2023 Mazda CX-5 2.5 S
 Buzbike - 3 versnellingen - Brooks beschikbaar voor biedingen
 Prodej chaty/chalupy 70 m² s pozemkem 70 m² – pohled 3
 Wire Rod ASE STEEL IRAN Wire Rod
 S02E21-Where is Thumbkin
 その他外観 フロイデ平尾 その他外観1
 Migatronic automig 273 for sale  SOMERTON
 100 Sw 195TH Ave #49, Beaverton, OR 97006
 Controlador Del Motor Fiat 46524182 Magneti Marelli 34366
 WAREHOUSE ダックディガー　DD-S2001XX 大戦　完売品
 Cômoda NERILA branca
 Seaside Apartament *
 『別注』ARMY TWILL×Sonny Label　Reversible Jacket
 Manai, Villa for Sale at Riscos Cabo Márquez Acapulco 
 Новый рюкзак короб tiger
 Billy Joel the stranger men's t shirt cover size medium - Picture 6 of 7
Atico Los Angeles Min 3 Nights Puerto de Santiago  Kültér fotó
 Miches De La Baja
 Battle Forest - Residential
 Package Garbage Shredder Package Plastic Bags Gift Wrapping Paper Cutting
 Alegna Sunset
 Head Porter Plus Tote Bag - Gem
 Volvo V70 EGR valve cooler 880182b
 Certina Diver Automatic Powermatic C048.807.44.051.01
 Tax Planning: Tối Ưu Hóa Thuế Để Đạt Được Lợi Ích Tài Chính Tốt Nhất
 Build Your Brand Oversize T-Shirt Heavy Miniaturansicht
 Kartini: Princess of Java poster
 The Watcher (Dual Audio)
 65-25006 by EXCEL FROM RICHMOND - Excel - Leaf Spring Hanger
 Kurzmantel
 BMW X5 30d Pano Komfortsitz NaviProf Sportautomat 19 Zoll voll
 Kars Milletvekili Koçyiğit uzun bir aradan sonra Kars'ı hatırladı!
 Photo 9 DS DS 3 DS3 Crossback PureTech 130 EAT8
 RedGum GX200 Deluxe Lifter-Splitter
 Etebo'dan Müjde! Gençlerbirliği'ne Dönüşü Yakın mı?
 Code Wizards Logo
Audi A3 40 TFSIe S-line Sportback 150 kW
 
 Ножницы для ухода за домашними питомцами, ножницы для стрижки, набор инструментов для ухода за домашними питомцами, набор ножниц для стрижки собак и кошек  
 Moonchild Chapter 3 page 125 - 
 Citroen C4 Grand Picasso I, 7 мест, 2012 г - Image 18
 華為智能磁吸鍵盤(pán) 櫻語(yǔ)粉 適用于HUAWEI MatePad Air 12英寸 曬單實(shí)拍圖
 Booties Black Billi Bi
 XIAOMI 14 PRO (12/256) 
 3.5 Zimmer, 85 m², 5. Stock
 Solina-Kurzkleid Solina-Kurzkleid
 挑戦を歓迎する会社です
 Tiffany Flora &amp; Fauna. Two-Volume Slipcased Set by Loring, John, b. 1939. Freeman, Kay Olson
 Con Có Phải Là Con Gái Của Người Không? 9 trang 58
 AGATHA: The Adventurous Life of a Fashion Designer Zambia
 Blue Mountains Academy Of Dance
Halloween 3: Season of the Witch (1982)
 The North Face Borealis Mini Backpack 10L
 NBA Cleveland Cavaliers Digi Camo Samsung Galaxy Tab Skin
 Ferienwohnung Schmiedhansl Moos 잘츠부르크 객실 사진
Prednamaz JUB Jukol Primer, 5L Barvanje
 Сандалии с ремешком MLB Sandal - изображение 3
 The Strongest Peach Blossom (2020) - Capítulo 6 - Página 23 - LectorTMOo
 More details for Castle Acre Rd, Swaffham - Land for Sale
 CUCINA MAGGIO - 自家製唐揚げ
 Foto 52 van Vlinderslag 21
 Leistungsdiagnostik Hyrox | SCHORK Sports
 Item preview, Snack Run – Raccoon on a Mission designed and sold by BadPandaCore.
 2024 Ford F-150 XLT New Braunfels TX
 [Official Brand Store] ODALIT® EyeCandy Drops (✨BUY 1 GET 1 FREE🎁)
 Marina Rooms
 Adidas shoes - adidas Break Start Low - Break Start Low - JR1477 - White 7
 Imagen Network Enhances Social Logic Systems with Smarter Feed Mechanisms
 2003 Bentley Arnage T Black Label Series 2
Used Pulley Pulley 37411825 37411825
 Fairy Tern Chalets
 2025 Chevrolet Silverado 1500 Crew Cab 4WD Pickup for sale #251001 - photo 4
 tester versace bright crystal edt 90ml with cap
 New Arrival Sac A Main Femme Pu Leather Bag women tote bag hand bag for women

============

◆ Task to carry out:
Give back exactly the lines from the one containing "2024 Ford F-150 XLT New Braunfels TX" through the end of the listing above, with both ends included and nothing added.

◆ Completed task:
 2024 Ford F-150 XLT New Braunfels TX
 [Official Brand Store] ODALIT® EyeCandy Drops (✨BUY 1 GET 1 FREE🎁)
 Marina Rooms
 Adidas shoes - adidas Break Start Low - Break Start Low - JR1477 - White 7
 Imagen Network Enhances Social Logic Systems with Smarter Feed Mechanisms
 2003 Bentley Arnage T Black Label Series 2
Used Pulley Pulley 37411825 37411825
 Fairy Tern Chalets
 2025 Chevrolet Silverado 1500 Crew Cab 4WD Pickup for sale #251001 - photo 4
 tester versace bright crystal edt 90ml with cap
 New Arrival Sac A Main Femme Pu Leather Bag women tote bag hand bag for women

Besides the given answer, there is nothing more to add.